What the exercise asks
Starting at the line that contains "Black Mountain Surveying Logo" and stopping at the line that contains "Photo 5 - Maison à TUSSON", transcribe every line of the material below exactly; pictures stay out.

Given information
★ ★ ★

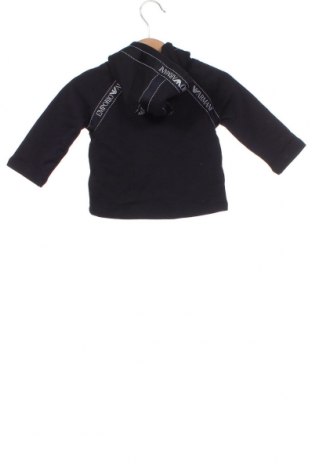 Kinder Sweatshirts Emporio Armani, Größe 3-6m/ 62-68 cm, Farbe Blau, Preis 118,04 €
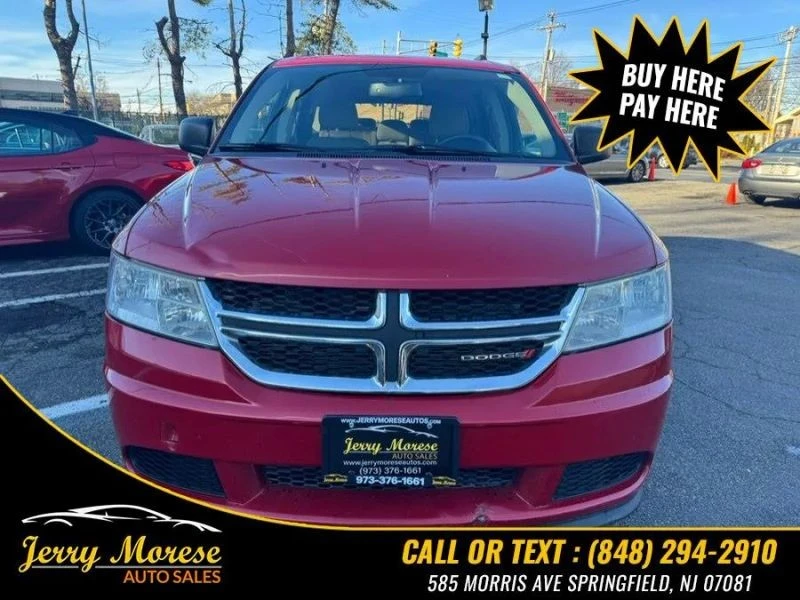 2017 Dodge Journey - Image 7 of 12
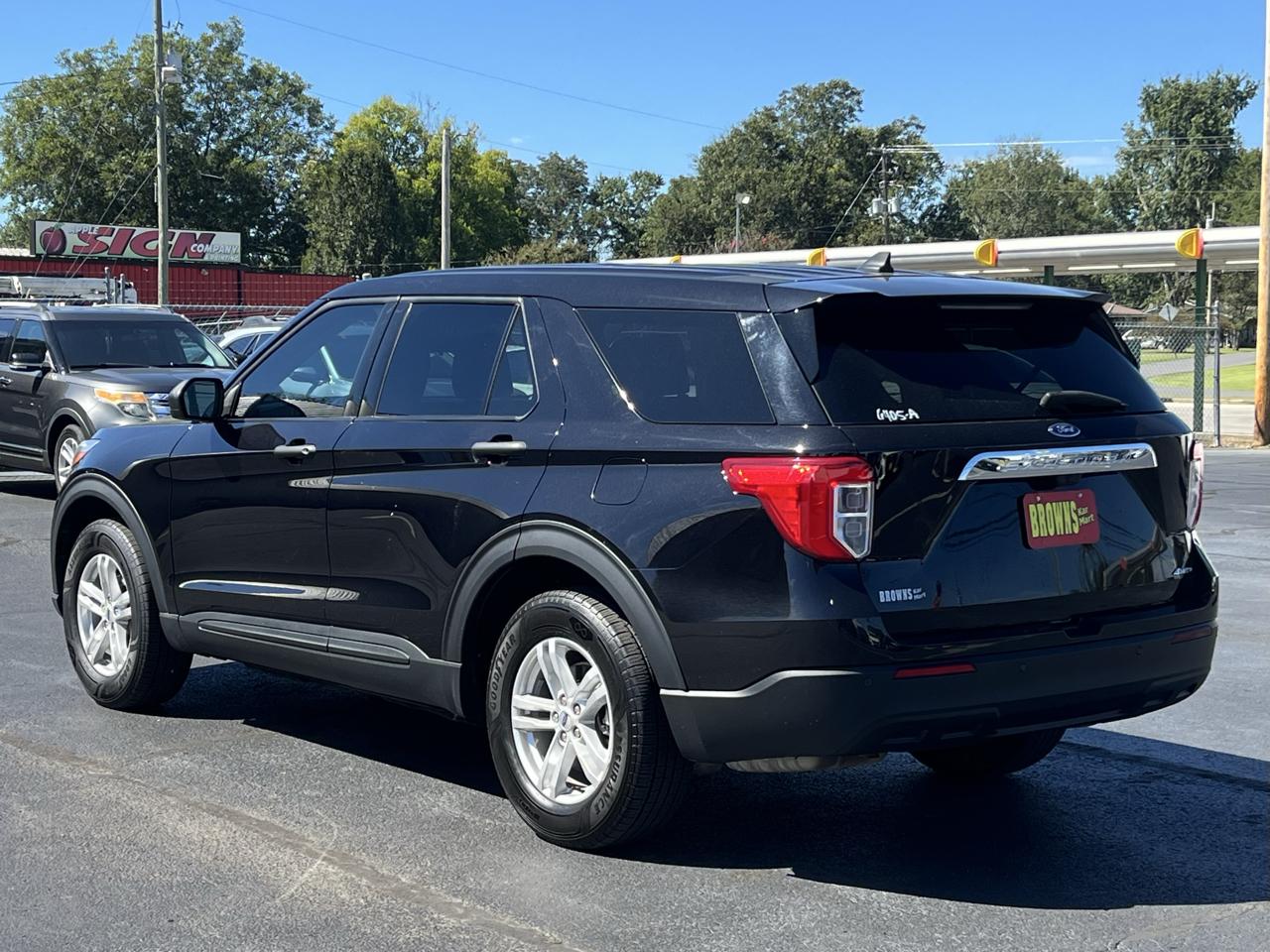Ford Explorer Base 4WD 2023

★ ★ ★

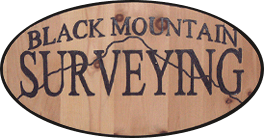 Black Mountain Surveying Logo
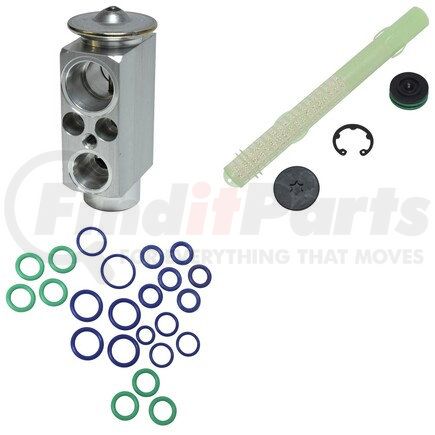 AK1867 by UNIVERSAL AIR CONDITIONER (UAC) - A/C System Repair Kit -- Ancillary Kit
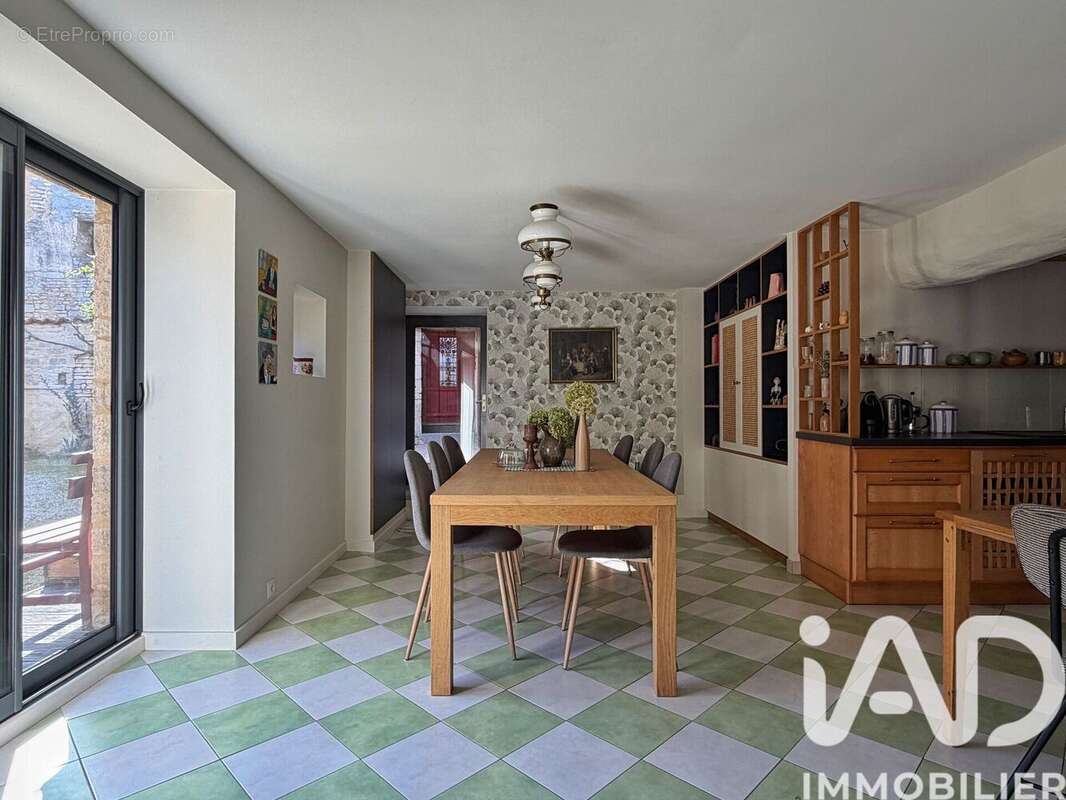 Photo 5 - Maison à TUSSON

★ ★ ★

Result of this task
 Black Mountain Surveying Logo
 AK1867 by UNIVERSAL AIR CONDITIONER (UAC) - A/C System Repair Kit -- Ancillary Kit
 Photo 5 - Maison à TUSSON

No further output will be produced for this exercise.